Three turn out to have blue eyes. Those are good for manual labor. They will be sold for good money and used in factories. If there is no more use for them, they can be killed and eaten.
Their meat is a delicacy. Three of them have red eyes. Those bring luck. Banks use them to make sure that investments are profitable. Ema feels that Harris is the single creature that has black eyes.

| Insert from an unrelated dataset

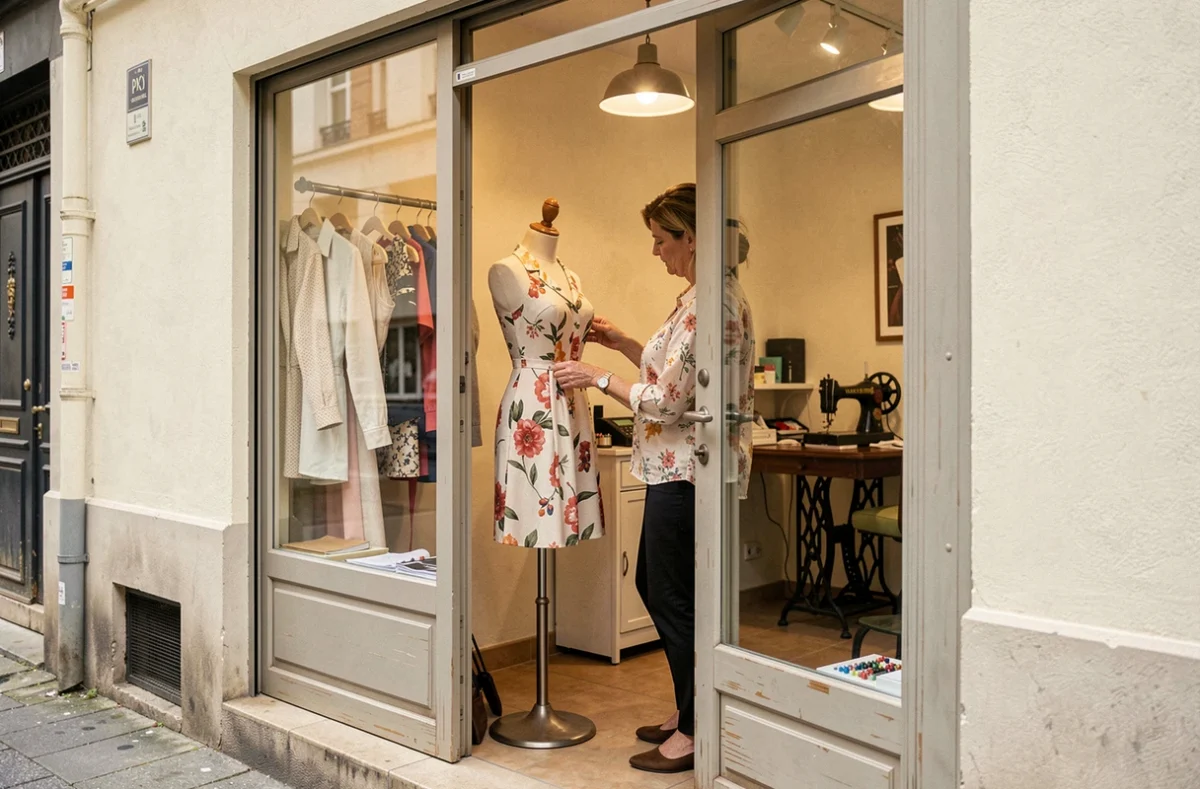 Retoucheuse épinglant l'ourlet d'une jupe sur un mannequin dans l'atelier Pressing Retouche Pantin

Word has it that those can do anything.
I love this story because it creates such a strong narrative in a very short time span. The parents don't value their daughter as a person. They value her only as a child. Knowing that she is becoming an adult, they take a piece of her purity away from her, never to be returned. They only treasure the part of her that they can control. The farmer's daughter is in a similar boat. Her only choice to escape the ritual is to give up her virginity young, and that's what she does, only for her father to disown her. You can see that both stories I talked about have a lot in common. In both cases, the children blame their parents for giving birth to them due to the abuse they undergo. But the horror comes in when they themselves give life.

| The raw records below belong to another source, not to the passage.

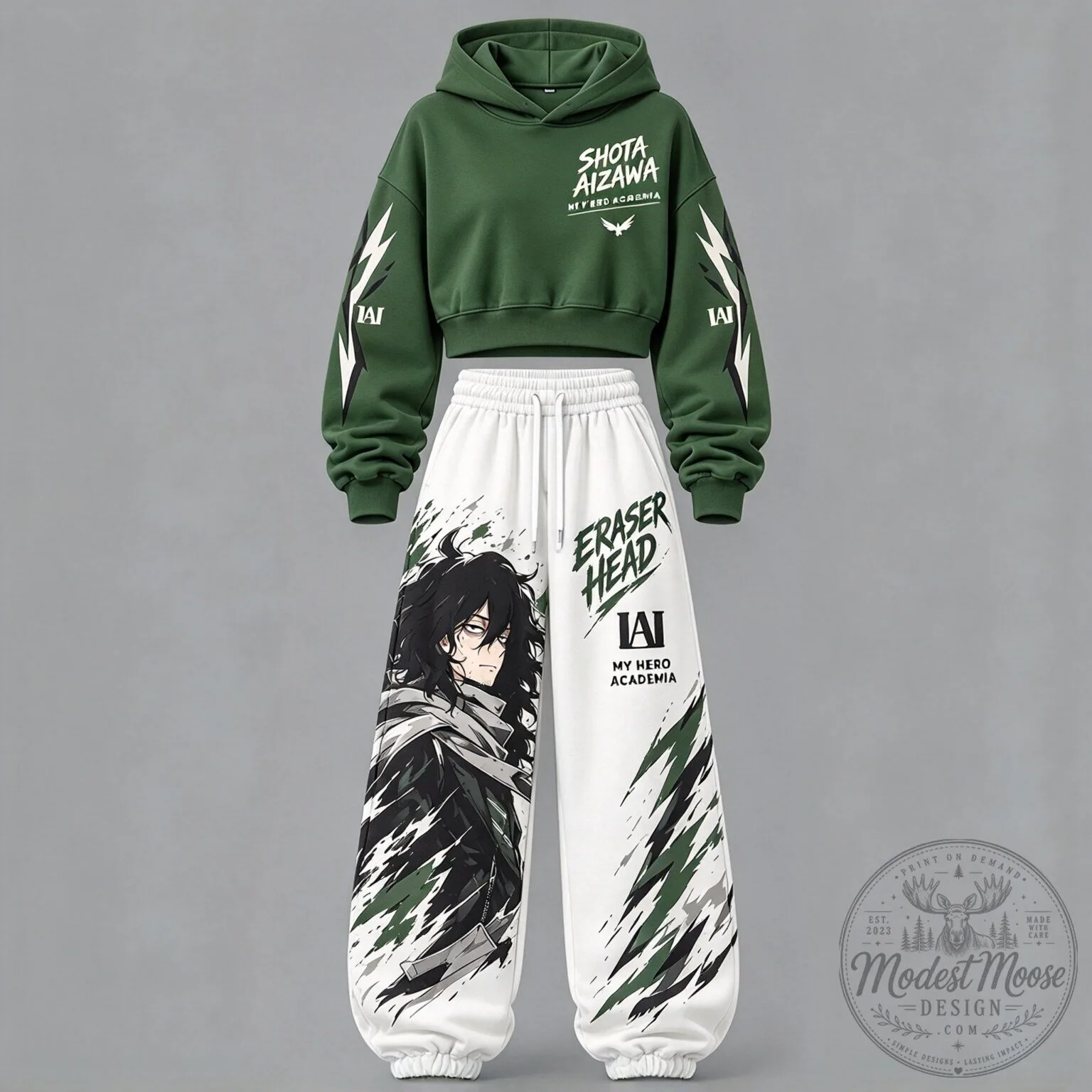 My Hero Academia Shota Aizawa Cropped Hoodie and Jogger Pants Tracksuit Set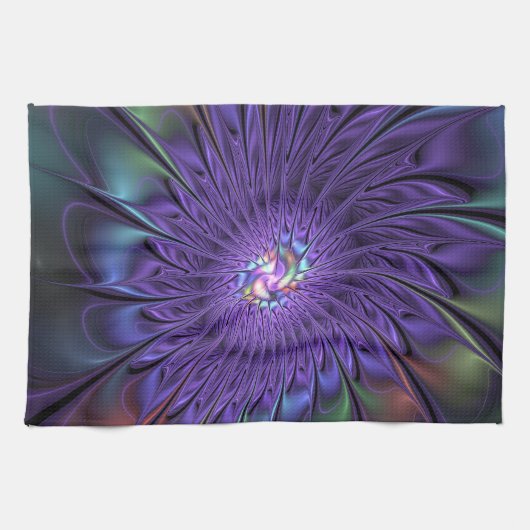 Trendfarbene Moderne Abstrakte Fraktal Blume Geschirrtuch (Horizontal)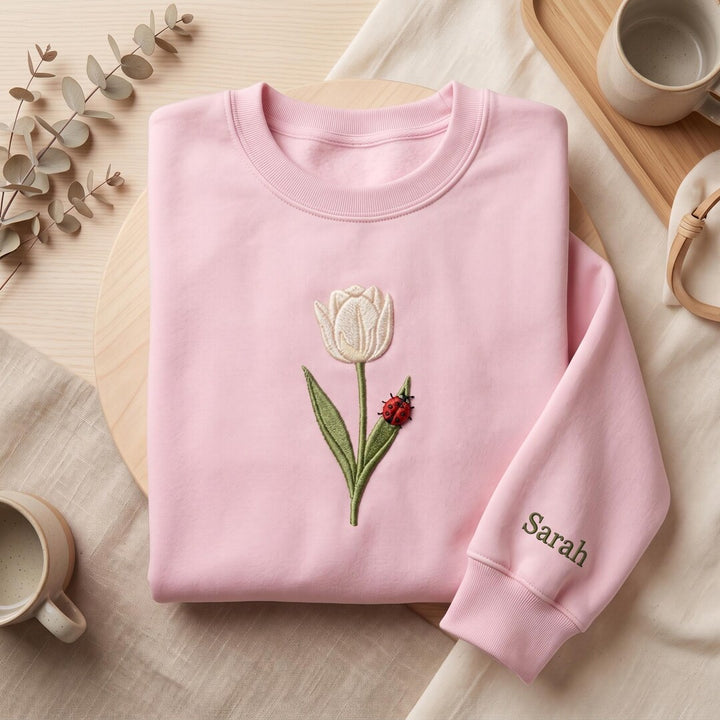 Personalized Tulip Ladybug Floral Spring embroidered sweatshirt — front view
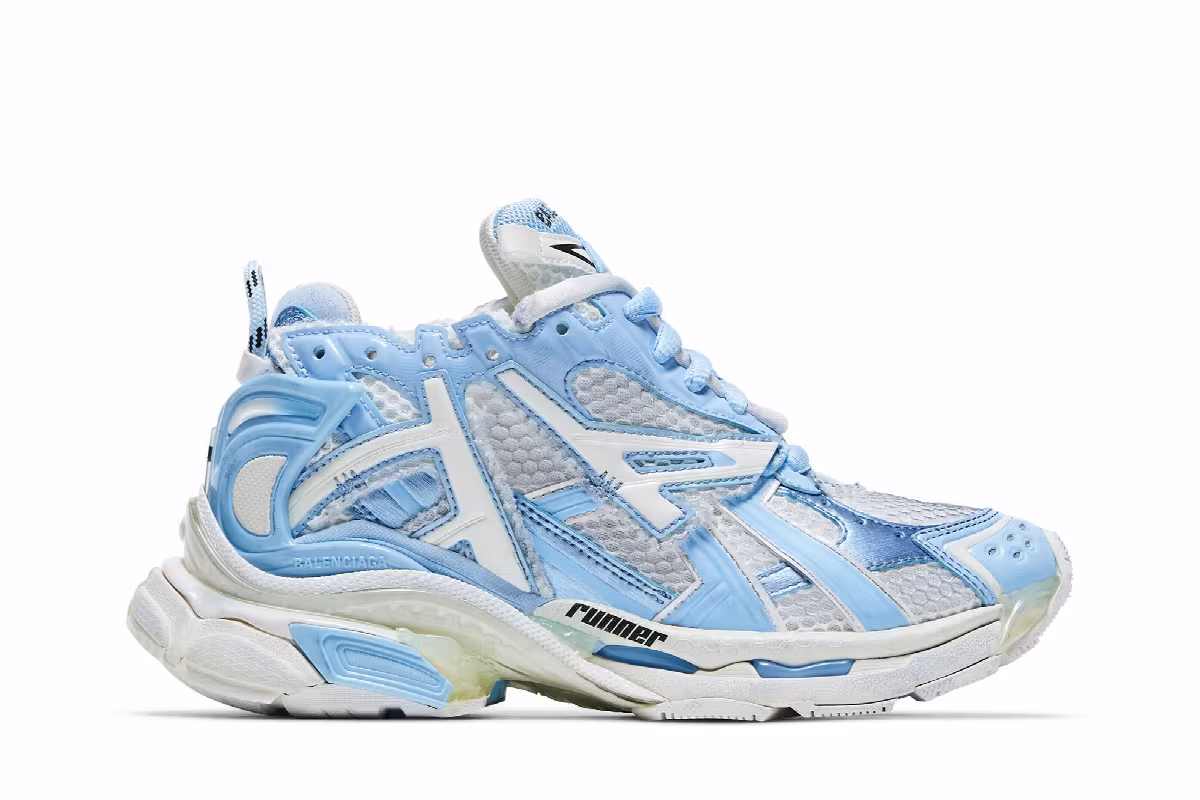 Balenciaga Women's Runner Sneaker Light Blue, view 2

Be it the boy who gives consciousness to his plush toy or the girl whose essence is used to make the creature. Their own quote unquote children suffer a terrible fate as well. One slowly dies while the other is literally made to be sold into slavery. These two stories fascinate me because usually in cosmic horror and weird fiction, it's religious themes that are the source of existential horror. The classic Lovecraftian gods, if you will. Here, it's the other way around really. If you have an atheist worldview, then the entities responsible for your consciousness are technically your parents, not a god, which is a really weird concept, at least to me.
The quote unquote supernatural elements here make the protagonist also give life to something even though they're just children. The horror in both stories is the process of involuntarily receiving and giving consciousness. And it's interesting to see it be portrayed in two different ways within the same anthology. As for my thoughts on the book, one thing that's done exceptionally well here is how most of the stories are unapologetically set in Hungary. It's no secret that most of the world lives in a sort of American monoculture and partially it's self-inflicted. When I think about the horror and weird fiction books I grew up on, it was always American, English, and by the nature of me being Eastern European, also Russian, it creates an illusion that there is no market for horror set in, for example, Hungary.

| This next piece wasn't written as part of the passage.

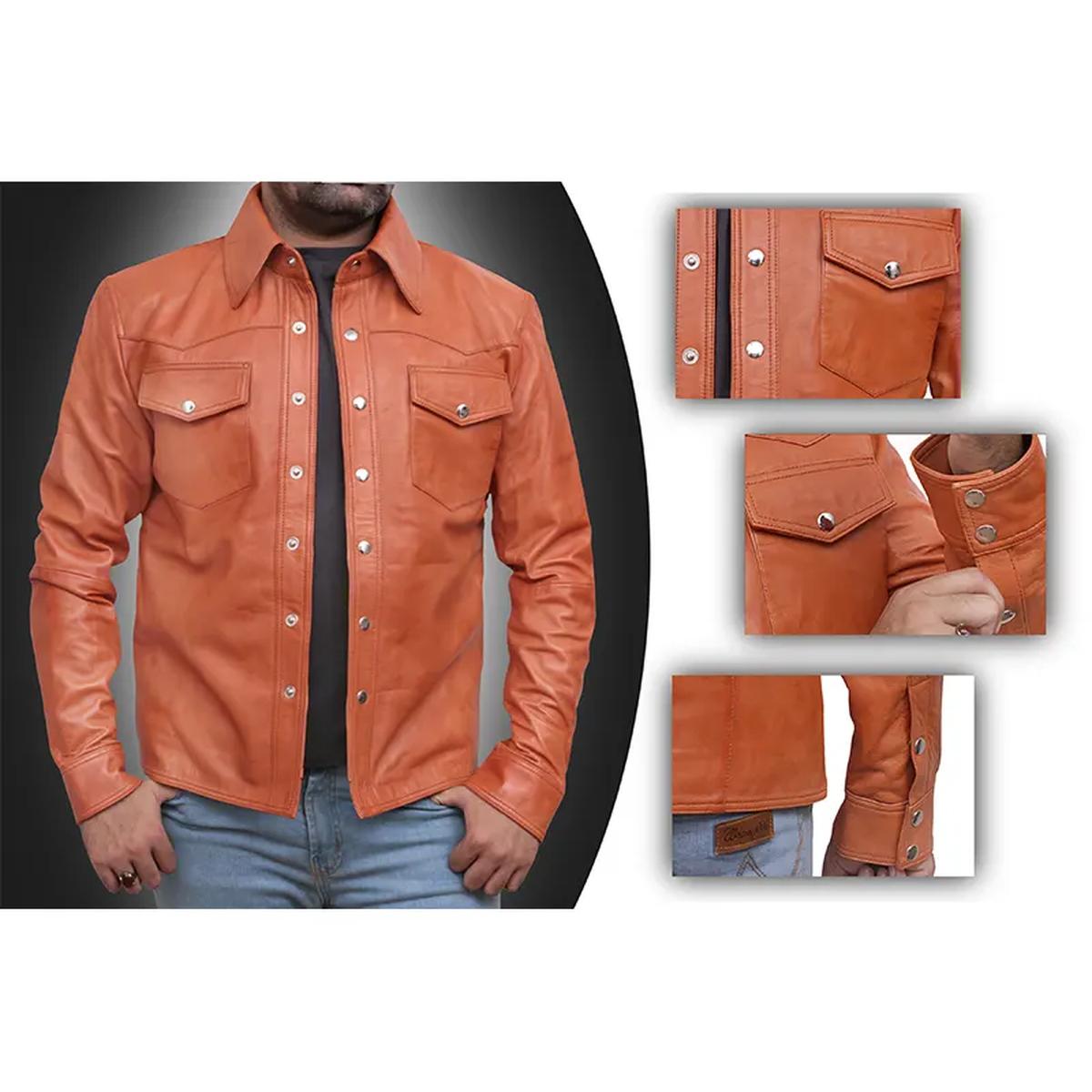 Giacca-camicia in pelle di pecora retrò color cuoio da uomo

That people aren't interested in hell energy and whis, but that's just not true. A lot of people want to explore other regions of the world across genres, horror being no exception, and the author of this book seems to understand that quite well. He also doesn't fall into the other side of the trap, which is over relying on setting.
I am currently working on a larger project in which I'd like to go over all Eastern European horror movies, and a lot of these have nothing going for them except being set somewhere where no horror movie ventured before them. Atila Veres made something that is original, well executed and good by international standards. And at the same time, he's not afraid to set these stories in the place he comes from. Of course, there are stories included which are set elsewhere. For example, my third favorite is called Multiplied by Zero, which takes place in a fictional country ruled by incomprehensible deities. By the way, if you have been sold on the book, I highly recommend trying this part. It's a sort of Lovecraftian love story which manages to be funny and very unsettling at the same time. Anyway, this book is something I heavily recommend. Warm thanks to everyone who supported me. I am planning a bit of a different format for the next video. So, until then, take care.